Actually, I do know a stronger property of LI / dominant forecasting. In the notation of my paper, we have the following:
Let {Gk} be a family of gamblers, ξ,ζ probability distributions supported on N. Then, there exists a forecaster F s.t. for any k,m,b∈N (b>0) and x∈Oω, if the first condition holds then the second condition holds:
infn≤mΣVminGkFn(x:n−1)>−b
supn≤mΣVmaxGkFn(x:n−1)≤∑j,cξ(j)ζ(c)cξ(k)∑c>bζ(c)
The above is not hard to see from the proof of Theorem 2, if you keep track of the finite terms. Now, this is not really a bound on the time of convergence, it is something like a bound on the number of mistakes made, which is completely analogous to standard guarantees in online learning.
If you’re running LIA and stop enumerating traders at N, you will get the same dominance property, only for traders up to N.
The fact that VC dimension is non-decreasing for a family of nested classes is a tautology. There is nothing special about the order of the hypotheses in SRM: the order (and weighting) of hypotheses is external information that reflects your prior about the correct hypothesis. Similarly, in LIA we can order the traders by description complexity, same as in Solomonoff induction, because we expect simpler patterns to be more important than complex patterns. This is nothing but the usual Occam’s razor. Or, we can consider more specialized dominant forecasting, with gamblers and ordering selected according to domain-specific considerations.
I don’t think that stopping at N does some kind of “disproportionate” damage to the LI. For example, Theorem 4.2.1 in the LI paper requires one trader per each ϵ>0 and sequence of theorems. If this trader is in the selection, then the probabilities of the theorems will converge to 1 within ϵ. Similarly, in my paper you need the gambler ΓSMk to ensure your forecaster converges to incomplete model M within 1/k.
You can do SRM for any sequence of nested classes of finite VC dimension. For example, if you have a countable set of hypotheses {hn}, you can take classes to be Hn:={hm}m<n. This is just as arbitrary as in LI. The thing is, the error bound that SRM satisfies depends on the actual class in which the reference hypothesis lies. So, compared to a hypothesis in a very high class, SRM can converge very slowly (require very large sample size). This is completely analogous to the inequality I gave before, where ξ(k) appears in the denominator of the bound, so gamblers that are “far away” in the “prior” can win a lot of bets before the forecaster catches up. SRM is useful iff you a priori expect “low” hypotheses to be good approximations. For example, suppose you want to fit a polynomial to some data but you don’t know what degree to use. SRM gives you a rule that determines the degree automatically, from the data itself. However, the reason this rule has good performance is because we expect most functions in the real world to be relatively “smooth” and therefore well-approximable by a low degree polynomial.

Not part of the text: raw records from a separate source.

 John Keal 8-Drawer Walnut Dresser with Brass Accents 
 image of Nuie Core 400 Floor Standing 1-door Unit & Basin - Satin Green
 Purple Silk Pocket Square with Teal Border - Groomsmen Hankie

Ordering by description complexity is perfectly computable in itself, it just means that we fix a UTM, represent traders by programs (on which we impose a time bound, otherwise it really is uncomputable), and weight each trader by 2^{-program length}. It would be interesting to find some good property this thing has. If we don’t impose a time bound (so we are uncomputable), then the Bayesian analogue is Solomonoff induction, which has the nice property that it only “weakly” depends on the choice of UTM. Will different UTMs gives “similar” LIs? Off the top of my head, I have no idea! When we add the time bound it gets more messy since time is affect by translation between UTMs, so I’m not sure how to formulate an “invariance” property even in the Bayesian case. Looking through Schmidhuber’s paper on the speed prior, I see ey do have some kind of invariance (section 4) but I’m too lazy to understand the details right now.
Thanks for pointing out that bound. I will think about it. (BTW, if at any point you don’t want to continue this back-and-forth exchange, just let me know, otherwise I will probably keep responding because I always find I have things to say)

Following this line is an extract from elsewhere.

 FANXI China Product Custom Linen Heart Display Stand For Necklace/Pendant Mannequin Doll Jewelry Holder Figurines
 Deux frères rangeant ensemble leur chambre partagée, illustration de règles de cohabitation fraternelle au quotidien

My point regarding LIA was that the theorems in the LI paper follow from dominance over all e.c. traders, and there are countably many e.c. traders. If you stop at N, all those theorems break. Of course, you will still get something out of dominating the N traders, but you’d have to go back to the blackboard to figure out what it is because you can no longer get the answer from the paper. (And the theorems give you infinitely many properties, of which you’ll retain only finitely many, so in a sense you will lose “almost all” of the desired results)

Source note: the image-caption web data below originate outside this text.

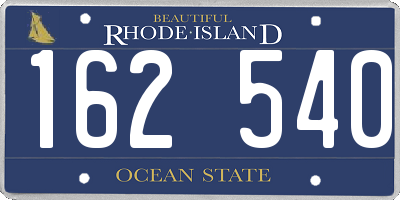 RI license plate 162540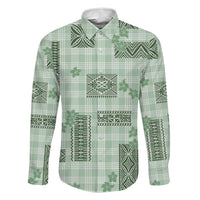 Hawaiian Quilt Tapa On Pastel Mint Palaka Motifs Family Matching Off Shoulder Maxi Dress and Hawaiian Shirt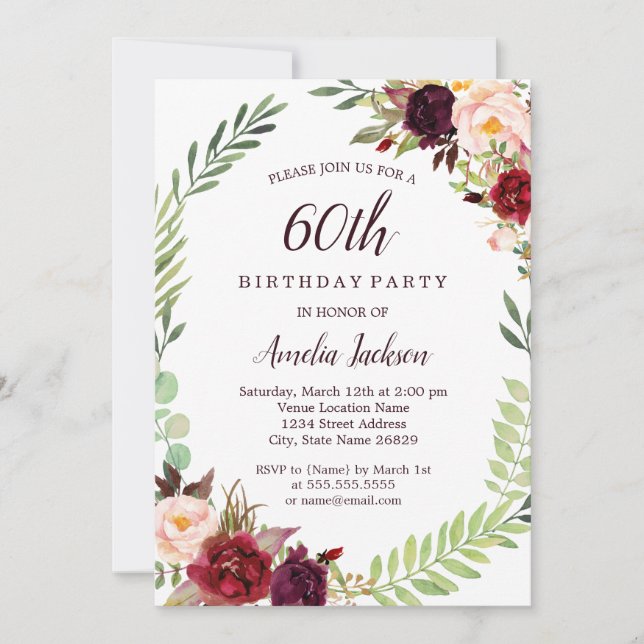 Flower Wreath Burgundy 60th Birthday Invitation (Front)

Surely there is something special about the order of hypotheses in SRM? Vapnik’s 1998 book introduces SRM (start of Ch. 6) with a decomposition of actual risk into (1) empirical risk and (2) a term depending on VC dimension, analogous to the bias-variance decomposition of generalization error. Vapnik says SRM is for the case where sample size is small enough that term (2) is non-negligible. So already, from the start, we are trying to solve a problem where “simpler = better” appears mathematically in an expression for the error we want to minimize. Then he introduces a rule n(l) for selecting a class Sn based on sample size l, and proves an asymptotic convergence rate (Thm. 6.2) which depends on n(l) having a certain property.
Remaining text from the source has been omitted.